Problem with CANBUS during print/idle

Basic Information:

Printer Model: Voron 2.4r2
MCU / Printerboard: Spider 1.0 / EBB36 v1.2 / MKS CANable Pro (candlelight_fw)
klippy.log
klippy.log.2022-12-15.log (777.0 KB)

Fill out above information and in all cases attach your klippy.log file. Pasting your printer.cfg is not needed

Describe your issue:

Occasionally I have issues with my canbus setup and I’m not sure if it’s a software or hardware problem. Sometimes I get an error during printing and sometimes after some hours of idling. I attached the log of that day. I cut away the stats at the beginning and end. The error should be around here:

b’Got error -1 in can read: (19)No such device’
Timeout with MCU ‘can0’ (eventtime=190242.397807)
Transition to shutdown state: Lost communication with MCU ‘can0’

I used this kit:

I hope someone can help me here.

Best regards,
Florain

Printer: Custom CoreXY
MCU: Octopus 1.1 (Bridge mode), EBB42
CAN speed: 1000 000 bps

I’m not sure if I am clouding the OP’s issue, but I have very similar issues. After spending a LOT of time on getting CAN stable. Everything is mostly fine, but I have lost faith in long prints. On the attached log, the print errored out after a number of hours. (5-10… not sure. was not monitoring). On idle things seem fine, but my last print, which had a cylindrical shape (so many steps), I got timeouts and stopped prints.
klippy.log (354.2 KB)

Looking at the logs, I’m not even sure CAN is at fault.

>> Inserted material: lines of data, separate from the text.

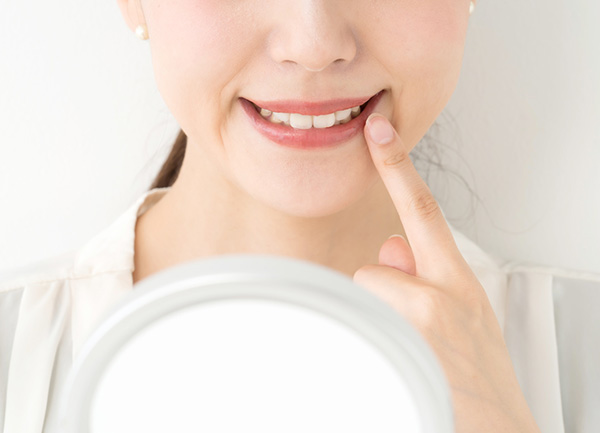 「持続的」に維持できるようなアフターケアの充実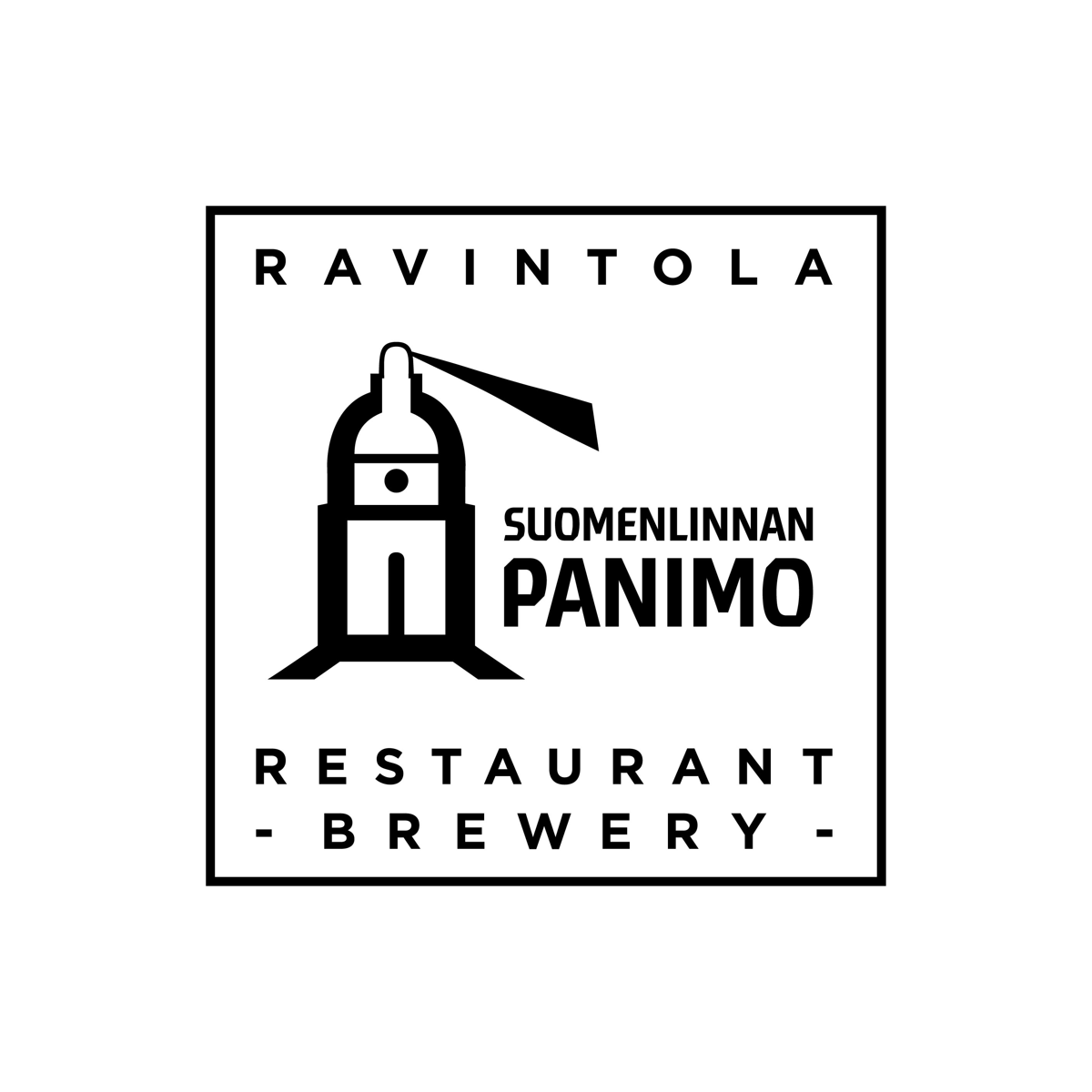 SP-Ravintola-logo.jpg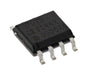 Analog Devices OP07DRZ 400996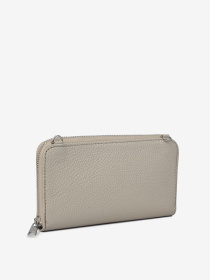 Клатч Regina Notte модель 2000000225302 Фото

I might get flamed for not having the correct details.

I’m doubtful this is a hardware error… the fact that the print can run for an extended time (hours, without any issue), indicates that something goes wrong somewhere in the software stack. That might very well be a naive statement, but in my experience hardware issues typically manifest much faster.

I have trimmed the log to make it smaller.

Any guidance/input will be helpful.

Glad I’m not the only one :sweat_smile:

Try this
edit /etc/network/interfaces.d/can0

Change the line auto can0 to

allow-hotplug can0

Reboot your Raspberry Pi.

‘allow-hotplug’ allows the devices to reconnect to the bus, whereas ‘auto’ is only during the initial bus setup.

Hi, I already have that.

allow-hotplug can0
iface can0 can static
bitrate 1000000
up ifconfig $IFACE txqueuelen 128

ditto on allow-hotplug. This setting is really to allow the canbus to gracefully com back online when firmware_restart is issued AFAIK.
For ref, here is my interface def:

allow-hotplug can0
iface can0 can static
    bitrate 1000000
    up ifconfig $IFACE txqueuelen 1024

What version of the EBB are you using (F072) (G0B1)?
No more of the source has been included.